Top 10 vintage spirits adverts
While the spirits industry dedicates millions to extravagant advertising campaigns, some of these vintage ads have kept their iconic status throughout the 20th Century.
From Johnnie Walker’s striding figure and J&Bs masculine 70s appearance, to Bacardi’s Cuban exoticism and Gordon’s quintessential Britishness, there’s an abundance of beautiful and interesting vintage spirits adverts which demonstrate marketing trends throughout the ages.
Other adverts in this list include Jameson ads from the turn of the century, communist imagery from Martini, and ideals of Scottish national identity from Dewar’s.
Click through the following pages to discover which we have selected as our top 10 vintage spirits adverts.
The world’s best-selling Scotch whisky brand Johnnie Walker first launched in 1857, despite its famous strapline of “Born 1820 – still going strong”, and has created an abundance of advertising campaigns throughout its extensive history. This print advert from 1948 encapsulates a strong post-war British mindset and features the brand’s iconic striding man, described by now-owner Diageo as “a remarkable symbol of intent”.

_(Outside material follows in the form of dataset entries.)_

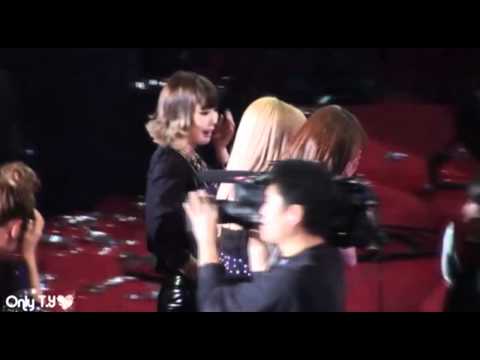 [fancam] 091210 SunYeon Sunny Taeyeon Sweet Moment 3rd ver.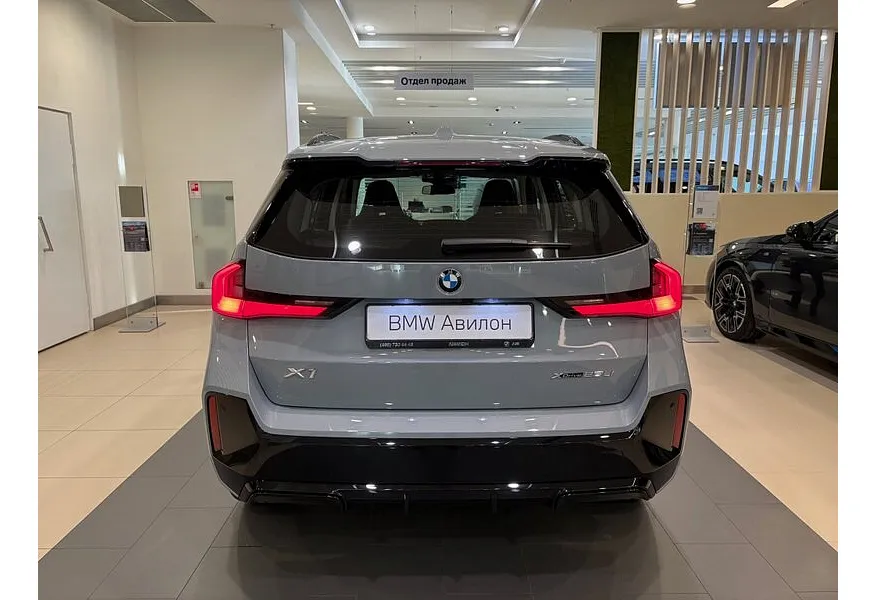 BMW X1 xDrive25 Li (204 л.с.) Серый в АВИЛОН. Слайд №4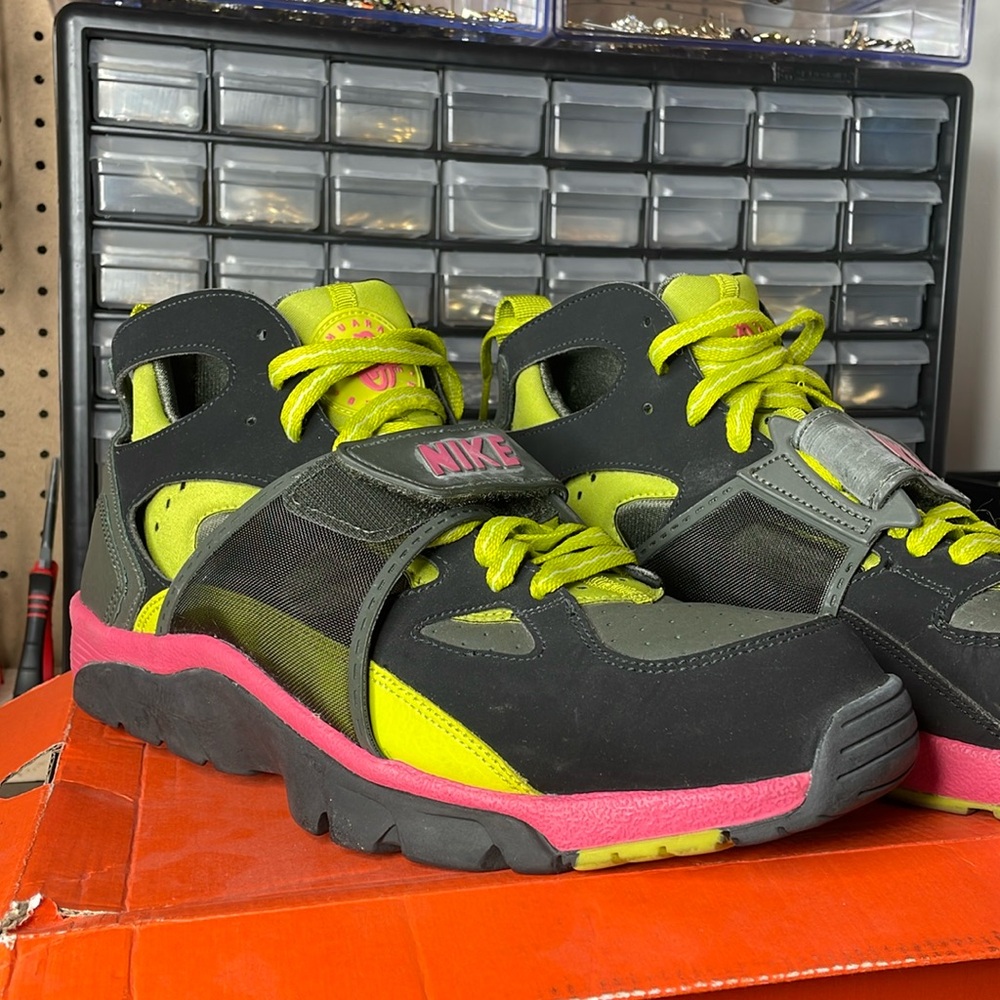 Men’s Nike Air Huarache Trainer black gray pink vintage 2007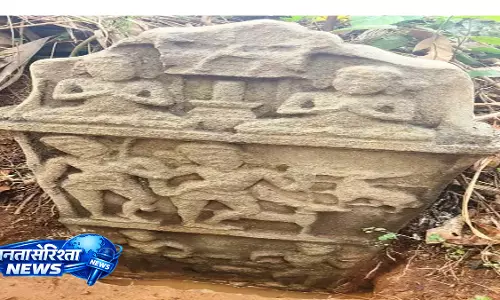 Udupi के वाकवाड़ी गांव में मिला हिरण शिकार दर्शाने वाला दुर्लभ वीरगल्लू Udupi के वाकवाड़ी गांव में मिला हिरण शिकार दर्शाने वाला दुर्लभ वीरगल्लू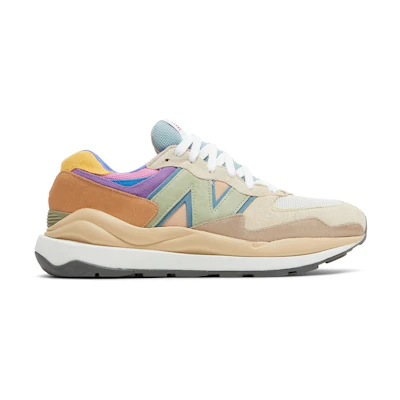NB 57/40 'Calm Taupe Vibrant Apricot'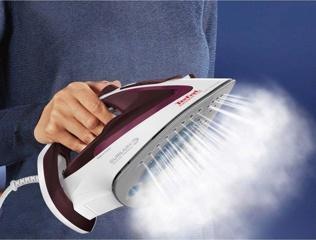 Actual product image Tefal EasyGliss Plus FV5714 Dry & Steam Iron Durilium Sole Bordeaux (2400 W, 190 g/min)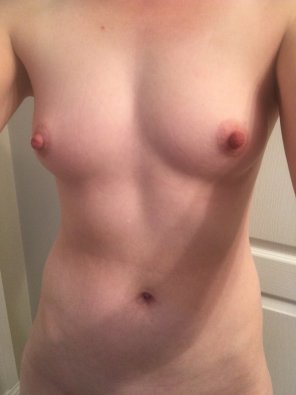 amateur pic Like my nips?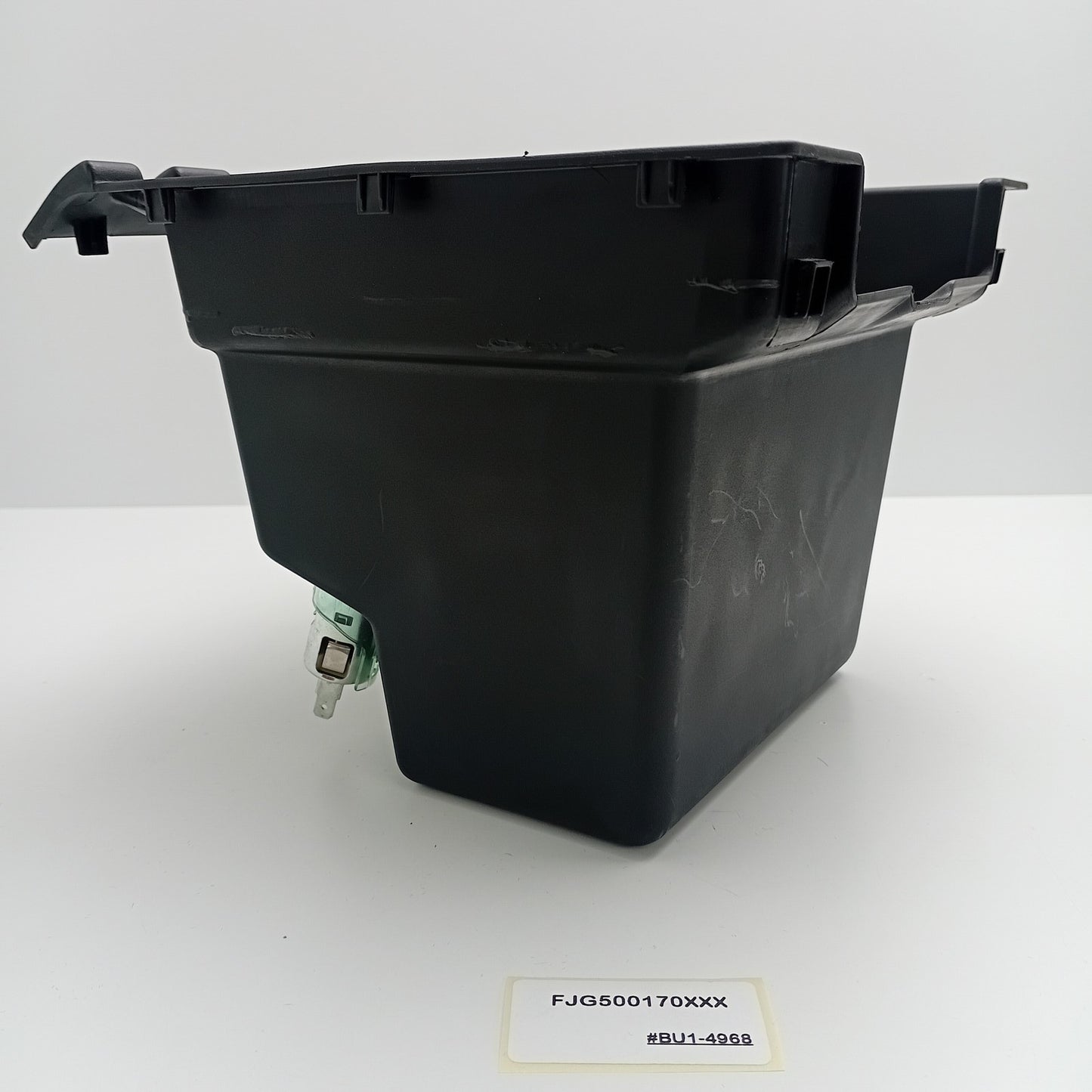 2006-2013 Land Rover Range Rover L322 Centre Console Storage Box FJG500170XXX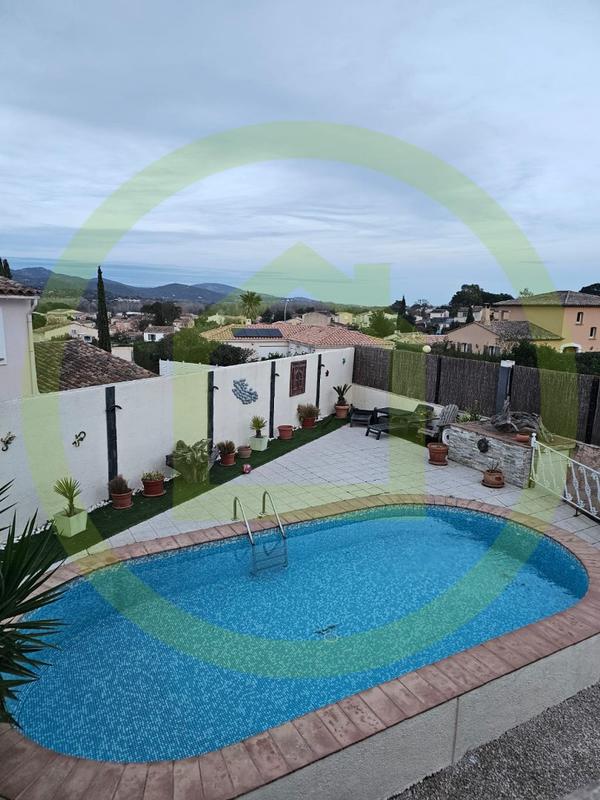 Maison - 140 m² - 4 pièces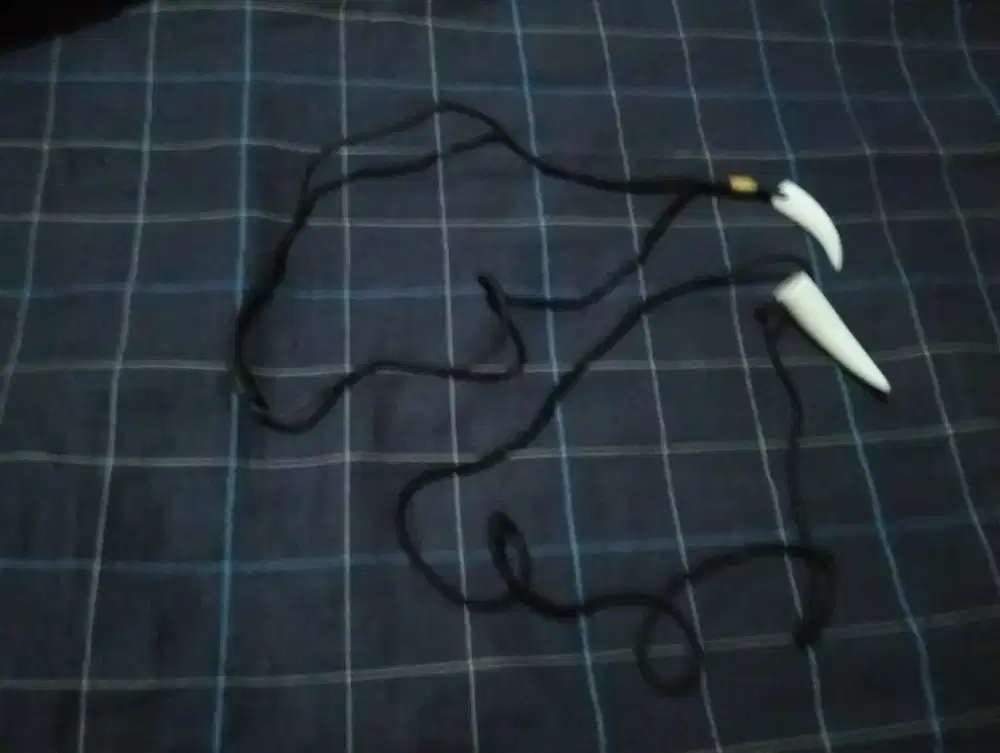 Sepasang kalung Taring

Described as “the world’s party whisky” J&B blended Scotch whisky has long marketed towards a demonstrably male consumer-base. The left mage from 1970 perfectly exemplifies the brand’s target buyer, as a confident man takes the foreground, while his female companion waits for her beverage patiently.
The world’s leading Irish whiskey brand Jameson formed its roots in 1780 when Scottish businessman John Jameson acquired Dublin’s Bow Street Distillery. Its history has long-been a central focus in the brand’s advertising campaigns, such as this 1911 wartime print advert on the right which features the tagline “The best minister for the interior”. The brand’s advertisement for the Christmas of 1931 shows a move towards colourful, kitsch, consumerist advertising.
These adverts for Dewar’s blended Scotch whisky, now owned by Bacardi, show that the brand was keen to sell itself as a slice of Scottish national identity in the mid-Twentieth Century. In recent years, the brand has encountered advertising controversy with its television featuring Claire Forlani and her “poor” Scottish accent while the brand was also forced to pull one of its adverts following criticisms it was sexist.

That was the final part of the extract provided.